Packaging Options
A “model” in production is more than just weights — it includes preprocessing logic, tokenizers, configuration, and dependencies. Common packaging formats: MLflow Model (framework-agnostic, includes MLmodel descriptor + conda.yaml), ONNX (Open Neural Network Exchange — convert PyTorch/TF models to a portable format for optimized inference), TorchScript (serialized PyTorch models that can run without Python), SavedModel (TensorFlow’s native format), and Docker containers (package everything including the runtime).
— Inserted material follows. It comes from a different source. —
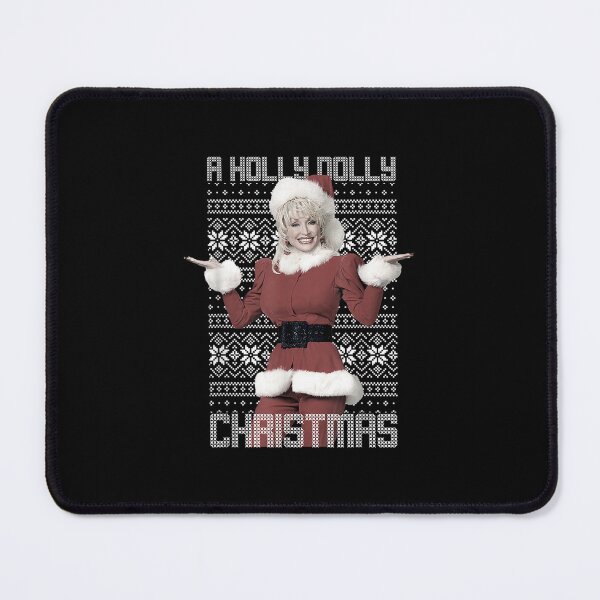 Item preview, Dolly Parton Christmas designed and sold by ghitayaStudio.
For LLMs, models are typically served via specialized inference servers (vLLM, TGI) rather than generic packaging.
MLflow Model Format
# MLflow model directory structure
fraud-detector/
├── MLmodel # metadata + flavors
├── conda.yaml # environment
├── requirements.txt # pip deps
├── python_model.pkl # or model.pt
└── artifacts/
└── preprocessor.pkl
# MLmodel file:
artifact_path: model
flavors:
python_function:
loader_module: mlflow.pytorch
python_version: 3.11.0
pytorch:
model_data: model.pt
pytorch_version: 2.3.0
# Load anywhere:
# mlflow.pyfunc.load_model("path/to/model")
Key insight: MLflow’s “flavors” system lets you save a model in its native format (PyTorch, sklearn, etc.) while also providing a generic pyfunc interface. This means any MLflow model can be loaded and served the same way, regardless of framework.